Commentary

Invicta women deliver on all fronts

Originally Published: April 30, 2012
By Josh Gross | ESPN.com

Marloes Coenen reminded me last week that there's no such thing as "women's mixed martial arts."

That might seem odd that considering a fight card comprised solely of women took place Saturday in Kansas City, Kan.; yet Coenen, who headlined the debut of Invicta Fighting Championships, knows of what she speaks.

"We do exactly the same thing as the men," said the 31-year-old Dutch fighter. "We fight the same rules, same rounds. By calling it 'women's MMA' it separates us from like real MMA. So I tell the journalists, please don't call it 'women's MMA' because it makes it look less than what we are."
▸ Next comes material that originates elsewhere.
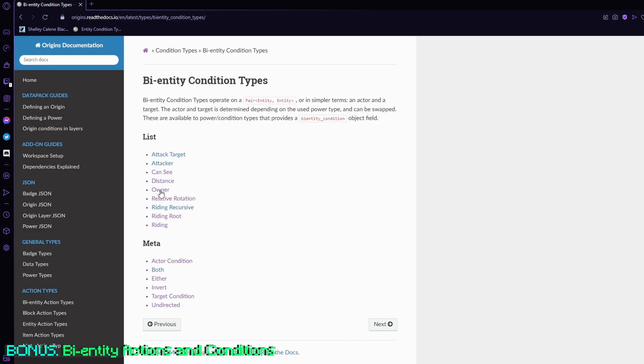Distance, so checking the distance from you, self-explanatory. Attacker and attack target are both self-explanatory as well. But yeah, that's basically it for bi-entity conditions and actions.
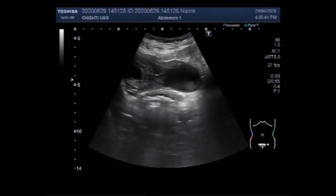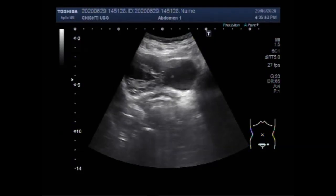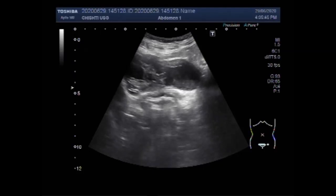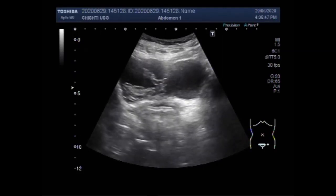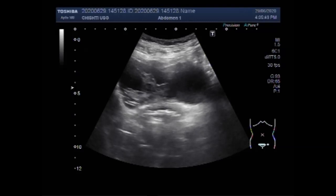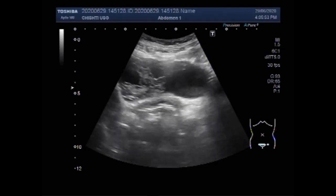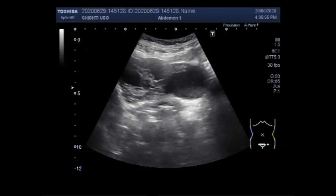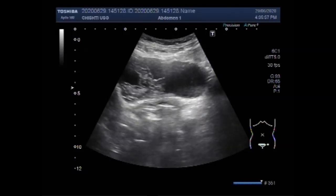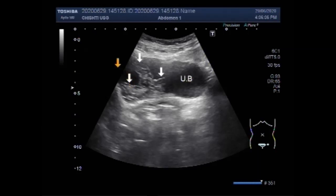Dear viewers, I hope you are all fine. This video shows a case of basical growth — a mass in the urinary bladder. You can see the urinary bladder and a mass is seen in the base of the bladder, attached to the left lateral wall of the urinary bladder.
She's right, you know. In the cage, women aren't doing anything differently than their male counterparts. I realized just that June 14, 2000. As it happened, the first fight card I covered was International Fighting Championship's Warrior Challenge 8 in Friant, Calif., for the pioneering MMA periodical "Full Contact Fighter."

Offered as the co-main event on a card featuring Sean Pierson, Paul Buentello, Gil Castillo, Jason Von Flue and other known or soon-to-be known commodities, Lisa Bjornstad and KC Nolan were ahead of their time.

Bjornstad finished Nolan in 121 seconds, which was long enough to move beyond any sense of discomfort over seeing women beating each other up in a cage. Though the bout was short, it was nonetheless clear to me that women possessed skill and tenacity equal to men. (Actually, from what I've seen over the years, women tend to fight harder.) So it was no surprise here that Invicta FC's first event produced a solid night of fights.

That's the constant in this equation. Women deliver entertaining bouts when given the chance. If Invicta has anything to say about it, women who want to fight won't have a difficult time finding one.

While Strikeforce is still in the business of promoting women, it's only doing so in one weight division. Invicta, meanwhile, offered three contests in the "atom weight" division alone. From 105 pounds to 145 (technically 149.5 since Randy Miller missed weight), there will be slots to fill as the year plays out.

Invicta already revealed the main event for its second offering July 28, as bantamweight Sara McMann fights Shayna Baszler.

But before we attempt to peer too far off into the future, let's take one last look at Saturday's bouts.